The Missouri Alliance for Historic Preservation has listed three St. Joseph buildings as “watched properties” for 2017.
The Alliance publishes annual lists of “properties in peril” and “watched properties” in order to drum up awareness for historic structures that are in danger.
The Appliance Man Rentals building, Livestock Exchange building and Cracker House were three of the 12 “watched properties” for this year.
The Appliance Man Rentals building at 222 S. Fourth St. took the No. 1 spot on that list.
The building, which was built in 1847, has been for sale since June and Owner Richard Monson was considering having it demolished.
On Friday, Monson basically donated the building to the Historic St. Joseph Foundation.
“Essentially, I contributed the building to the foundation and then they are going to take over the stewardship of the building,” Monson said.
Monson did not charge any cash for the building, but likely will receive some sort of tax break for the donation.
He said the building needs work to get up to code but has a strong foundation. He has worked in the building for nearly 40 years and did not want to take up the task of upgrading it.
However, he is happy to see that the building will be preserved.
“I’m glad that they are wanting to do this,” he said. “They are in a situation where having the building is just a start. They are going to find that many things need to be done but at the same time an awful lot of the work can be done with sweat equity, and a lot of the volunteers are very passionate about that.”
He said the building does have a storied history in St. Joseph.
“It’s approximately 140 years old, it’s had a lot of different businesses,” Monson said. “It was the first newspaper building in town, the Gazette was here. During that time Eugene Field worked in this building. We don’t know if he wrote any of his famous poems here, but he might have.”
President of the Historic St. Joseph Foundation Cole Woodbury said the building had other historical significances.
He said the paper there was started by William Ridenbaugh, and that the press he used was possibly sunk on a ship that was possibly carrying Mormons as they searched for new lands to the west.
He also said that an employee who worked in the building invented the Aunt Jemima pancake recipe.
“You could say every building is historic because it’s had some history in it, that’s not necessarily what makes it important,” Woodbury said. “What’s important is the fact that in today’s throw-away society, we just can’t keep affording to throw away our wonderful old property.”
The second property on the list is the St.
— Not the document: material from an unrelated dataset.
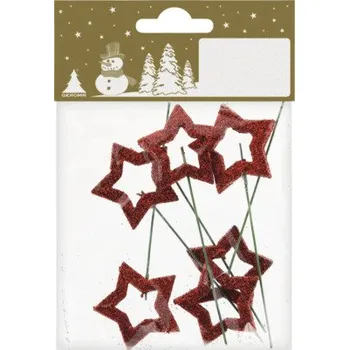 Vánoční dekorace Vánoční zápich hvězdy červené 6 ks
Joseph Livestock Exchange building at 4603 Packers Ave.
That building also found new ownership earlier this year and is currently under the wing of the Friends of St. Joseph group. The group has significantly cleaned out the building and is working toward stabilizing it.
The group asked the City Council for an allocation of $150,000 earlier this year, and that amount was granted over the course of three years at the recommendation of Mayor Bill Falkner.
The Cracker House, which made No. 8 on the list, has also seen recent work beginning in January of last year. Work has included concrete work at the front of the building and stabilization of the walls.
Current Project President Leah Swindler said the next big step is to replace the roof, which was removed, exposing the upper layers of brick and interior to the elements.
Swindler estimates that another $60,000 will be needed to “mothball” the building.
“Myself and all the other volunteers, I know we really want to see this project succeed, but we need support to do that,” Swindler said.
She said it is important to protect the historic work in St. Joseph.
“We have an amazing architectural heritage here,” Swindler said. “There are building skills here and styles that we’ve lost. We have a great opportunity here to incorporate lost building trades into the history and knowledge of St. Joseph.”